Через минуту он заглянул ко мне:
–Ась? – и подозрительно покосился на вещи, разложенные на кровати.
– Ты чего там гремишь? Десятый час уже. Иди спать.
– Как же я пойду, коли настоятель ещё на ногах? – поразился дед.
– А если я совсем не лягу, ты что, всю ночь будешь рядом сидеть? Может, у меня бессонница? И, кстати, ты где, спать-то будешь?
– Как это где? – дед Анисим вытаращил глаза, – знамо где, у себя.
Я посмотрел на него:
– Это где у себя?
Дед пожал плечами:
– За кухней же! Там испокон веку моя каморка. Когда отец Окимий жил в монастыре, я завсегда тама и находился.
– Так, там…, – хотел сказать, что там и нет никакой двери, но вдруг вспомнил, что действительно видел на кухне дверь, но она была закрыта, и я не стал искать ключ, подумал, что там кладовка для продуктов, а потом забыл, – она была закрыта, я подумал кладовка.
– Сам ты кладовка, – обиделся Анисим, – очень даже уютная комнатка, а закрыта, так ключ-то у меня.
Он хитро прищурился:
– Хочешь, иди, поглянь.
Я кивнул и пошёл за дедом.
Монастырская кухня в покоях настоятеля была маленькая, квадратная, метра два на два. Очень похожа на ту, которая была у меня в обсерватории. Справа от входа в углу – узкая дверь, к ней впритык стоял обеденный стол во всю стену до окна на противоположной от входа стене. Напротив стола – кухонная утварь и полки над крохотной плитой для готовки и холодильником, за которым и была небольшая дверца.

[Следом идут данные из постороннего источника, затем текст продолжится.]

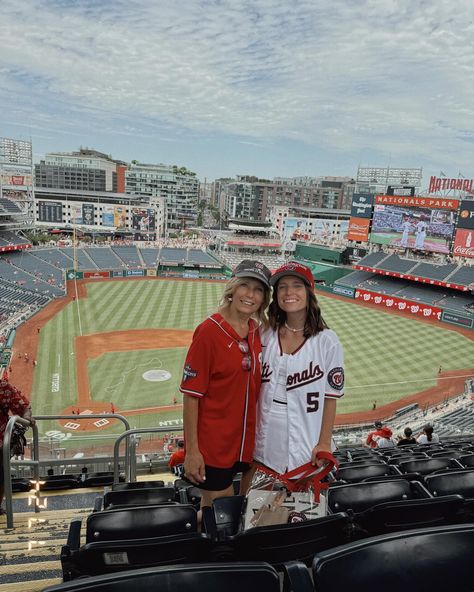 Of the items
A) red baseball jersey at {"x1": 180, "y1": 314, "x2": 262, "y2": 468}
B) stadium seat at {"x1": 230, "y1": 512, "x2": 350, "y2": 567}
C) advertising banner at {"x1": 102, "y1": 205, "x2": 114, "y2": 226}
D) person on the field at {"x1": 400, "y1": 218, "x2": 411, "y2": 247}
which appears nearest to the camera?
stadium seat at {"x1": 230, "y1": 512, "x2": 350, "y2": 567}

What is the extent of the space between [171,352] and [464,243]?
101ft

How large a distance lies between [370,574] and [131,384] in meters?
22.2

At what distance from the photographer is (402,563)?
6.32 ft

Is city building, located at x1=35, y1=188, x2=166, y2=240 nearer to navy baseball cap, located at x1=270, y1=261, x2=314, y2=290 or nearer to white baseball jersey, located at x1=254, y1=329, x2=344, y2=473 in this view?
navy baseball cap, located at x1=270, y1=261, x2=314, y2=290

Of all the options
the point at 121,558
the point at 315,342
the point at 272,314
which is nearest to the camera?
the point at 121,558

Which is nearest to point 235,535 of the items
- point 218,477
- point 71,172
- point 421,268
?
point 218,477

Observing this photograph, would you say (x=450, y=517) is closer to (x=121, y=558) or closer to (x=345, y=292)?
(x=121, y=558)

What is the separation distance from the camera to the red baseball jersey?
3.24 meters

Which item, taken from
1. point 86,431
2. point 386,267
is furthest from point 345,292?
point 86,431

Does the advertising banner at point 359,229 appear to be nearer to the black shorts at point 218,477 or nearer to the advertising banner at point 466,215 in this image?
the advertising banner at point 466,215

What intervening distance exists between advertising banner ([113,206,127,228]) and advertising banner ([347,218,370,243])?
38.5 m

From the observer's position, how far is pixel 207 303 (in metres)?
40.7

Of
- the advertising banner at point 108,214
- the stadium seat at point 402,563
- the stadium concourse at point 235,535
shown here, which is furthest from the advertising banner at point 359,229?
the stadium seat at point 402,563

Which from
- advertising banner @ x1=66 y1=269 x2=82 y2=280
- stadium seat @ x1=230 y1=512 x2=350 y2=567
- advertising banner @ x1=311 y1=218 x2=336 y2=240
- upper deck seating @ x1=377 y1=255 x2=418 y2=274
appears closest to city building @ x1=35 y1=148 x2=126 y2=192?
advertising banner @ x1=311 y1=218 x2=336 y2=240
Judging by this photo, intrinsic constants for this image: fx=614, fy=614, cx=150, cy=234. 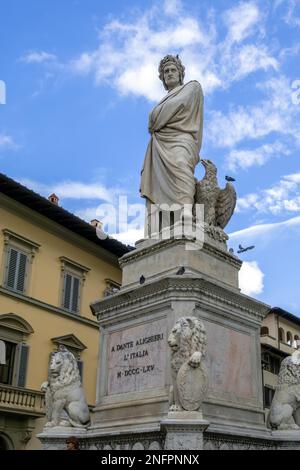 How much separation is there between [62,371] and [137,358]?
1.16 m


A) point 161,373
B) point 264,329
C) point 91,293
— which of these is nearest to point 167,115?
point 161,373

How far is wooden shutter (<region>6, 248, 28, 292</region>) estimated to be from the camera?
24609 mm

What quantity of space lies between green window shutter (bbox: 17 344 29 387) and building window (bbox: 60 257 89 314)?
3.22 metres

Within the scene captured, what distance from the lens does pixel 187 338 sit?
7.18 metres

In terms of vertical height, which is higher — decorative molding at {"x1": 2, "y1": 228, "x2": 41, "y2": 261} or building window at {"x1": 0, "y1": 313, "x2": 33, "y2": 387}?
decorative molding at {"x1": 2, "y1": 228, "x2": 41, "y2": 261}

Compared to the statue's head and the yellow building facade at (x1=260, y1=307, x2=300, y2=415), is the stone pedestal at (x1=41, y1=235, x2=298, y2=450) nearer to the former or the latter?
the statue's head

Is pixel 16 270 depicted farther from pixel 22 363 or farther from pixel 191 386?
pixel 191 386

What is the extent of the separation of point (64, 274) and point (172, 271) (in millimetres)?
19152

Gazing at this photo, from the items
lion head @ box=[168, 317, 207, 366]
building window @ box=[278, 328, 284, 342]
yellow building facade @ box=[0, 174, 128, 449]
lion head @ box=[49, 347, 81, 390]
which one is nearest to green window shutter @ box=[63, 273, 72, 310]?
yellow building facade @ box=[0, 174, 128, 449]

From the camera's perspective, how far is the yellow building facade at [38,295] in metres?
23.4

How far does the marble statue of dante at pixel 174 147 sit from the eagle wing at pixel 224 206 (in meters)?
0.61

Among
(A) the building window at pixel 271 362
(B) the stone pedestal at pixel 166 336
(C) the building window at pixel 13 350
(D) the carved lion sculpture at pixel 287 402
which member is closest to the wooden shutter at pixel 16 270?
(C) the building window at pixel 13 350

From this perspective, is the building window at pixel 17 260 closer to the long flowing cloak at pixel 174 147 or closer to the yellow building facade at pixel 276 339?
the long flowing cloak at pixel 174 147

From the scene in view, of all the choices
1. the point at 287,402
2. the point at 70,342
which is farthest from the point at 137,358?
the point at 70,342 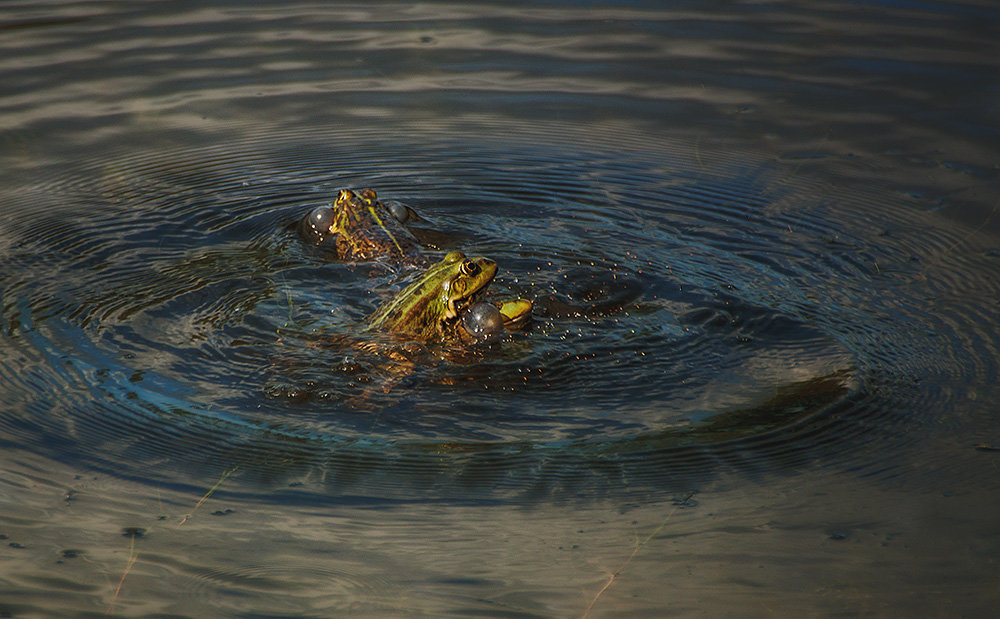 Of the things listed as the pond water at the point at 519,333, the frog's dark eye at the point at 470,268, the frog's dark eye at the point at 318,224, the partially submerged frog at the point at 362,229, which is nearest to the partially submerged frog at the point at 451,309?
the frog's dark eye at the point at 470,268

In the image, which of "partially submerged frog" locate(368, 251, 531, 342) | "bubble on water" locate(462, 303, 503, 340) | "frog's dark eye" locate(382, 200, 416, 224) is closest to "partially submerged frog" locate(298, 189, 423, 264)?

Дед Анисим подошёл к двери, открыл её и вошёл внутрь. Мне пришлось пригнуться, чтобы не стукнуться о низкую притолоку.
Дед зажёг свечу, и я осмотрелся.
Комната оказалась и вправду довольно уютной, хоть и крохотной. Только большое окно делало её просторнее. Даже теперь, когда в него глядела темнота надвигающейся ночи, далёкие отблески свечей в стёклах домов поселенцев и полная луна на ясном небе, усыпанном звёздами, видимо, к заморозку, раздвигали границы маленького помещения.
Справа у стены, занимая всю её длину, стояла узкая кровать. Рядом с изголовьем примостилась тумбочка. На ней белая плоская тарелка со стеклянным графином, наполовину наполненным водой. Горлышко графина закрывал перевёрнутый стакан. Рядом с ним – свеча в подсвечнике. Под окном низкий столик с кипой газет. Я улыбнулся про себя. Вспомнил, как первый раз увидел деда Анисима. Тогда он тоже читал газету. «Странное у него хобби, – подумал я, – где он в наше время их только находит? Хотя поддержка хобби по интересам – целая отрасль экономики, и далеко не последняя». У столика стояло большое мягкое кресло старое и продавленное, но, по-видимому, очень удобное, если хозяин до сих пор его не выбросил. Напротив постели расположился платяной шкафчик, а за ним – настенная полка с церковными книгами по обеим сторонам от иконы Николая Чудотворца в центре. На полу расстелена толстая полосатая тканевая дорожка.
– Вот тут рядом с настоятелем моё и место. Если что, я должен сразу по вызову прийти в любое время дня и ночи.
– Ясно, – кивнул я.
«Значит, от тебя мне трудно будет отделаться. Надо что-то придумать».
Я покосился на шкаф Анисима.
«А ведь он не монах, обычный поселенец на договоре».
И решился:
– А что, дед Анисим, нет ли у тебя каких-нибудь спортивных брюк?
Дед от удивления даже рот приоткрыл.
– Ась? Спортивные брюки? У меня? – он почесал затылок. – Отродясь не бывало. А зачем мне спортивные брюки-то?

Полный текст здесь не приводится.